- _REQUIREMENT_:
A faithful copy of the data is what is wanted, minus any pictures.

- _PROVIDED MATERIAL_:
==================================================

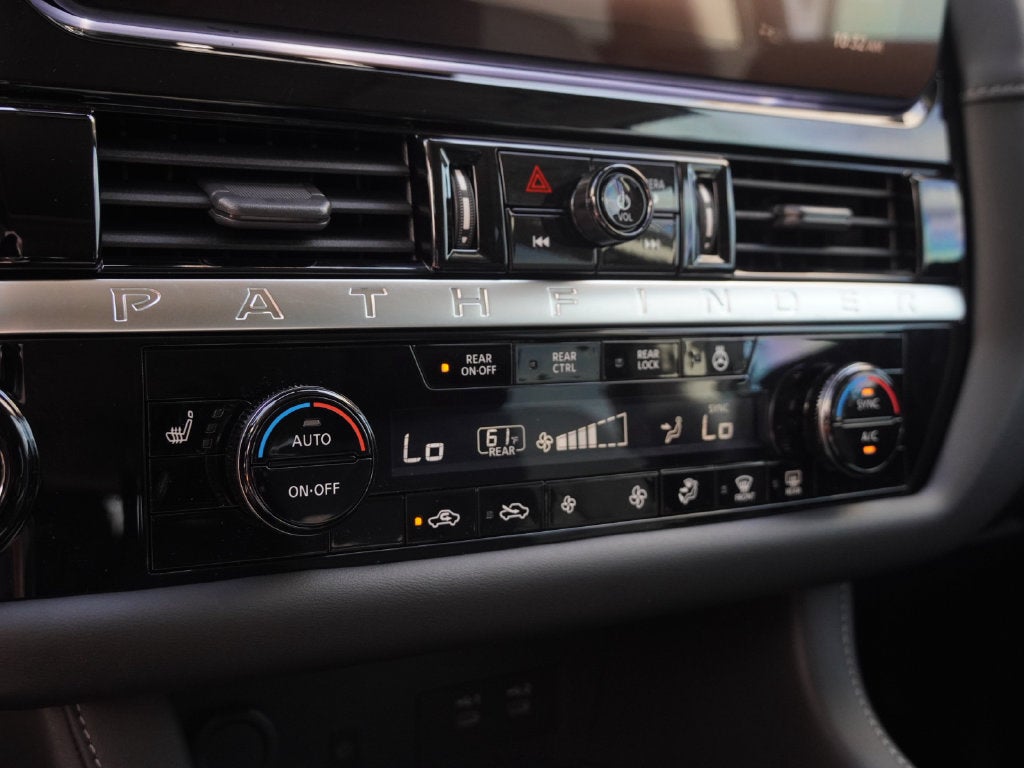 2026 Nissan Pathfinder SV
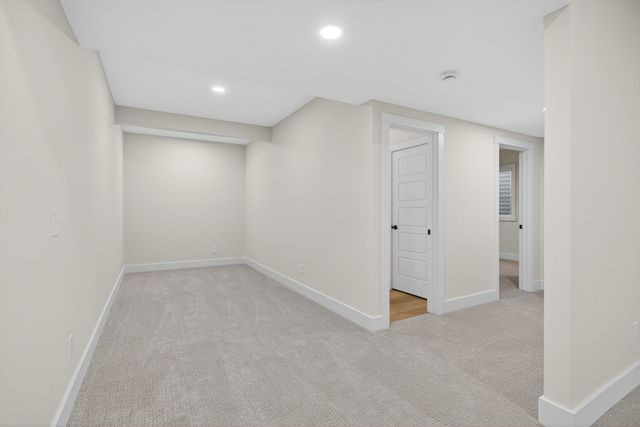 7091 SPRING CREEK Drive, Bettendorf, IA 52722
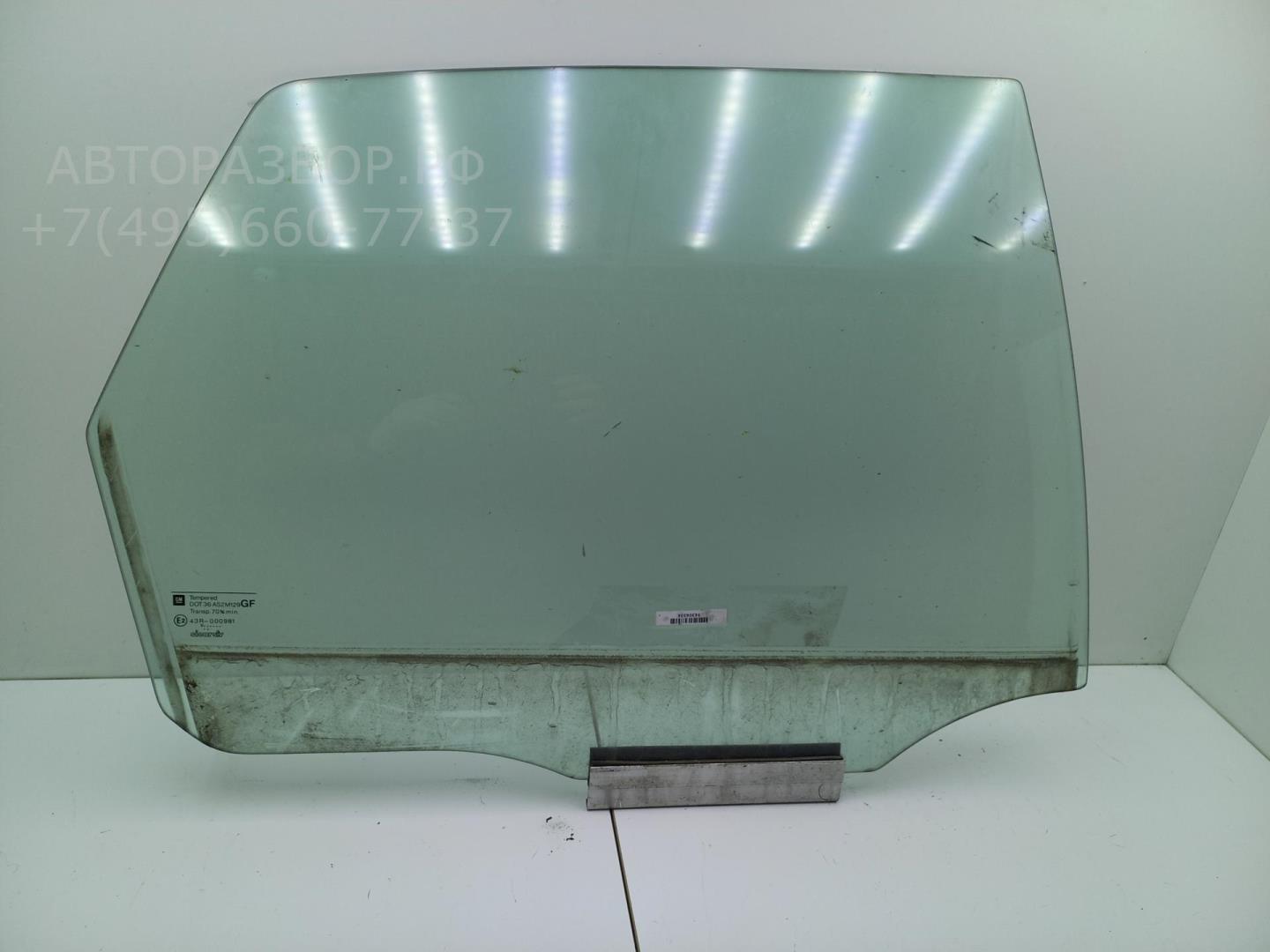 Стекло двери задней правой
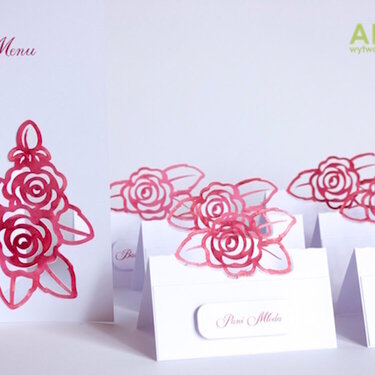 Elegant menu and placecards with rose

==================================================

- _TASK RESPONSE_:
 2026 Nissan Pathfinder SV
 7091 SPRING CREEK Drive, Bettendorf, IA 52722
 Стекло двери задней правой
 Elegant menu and placecards with rose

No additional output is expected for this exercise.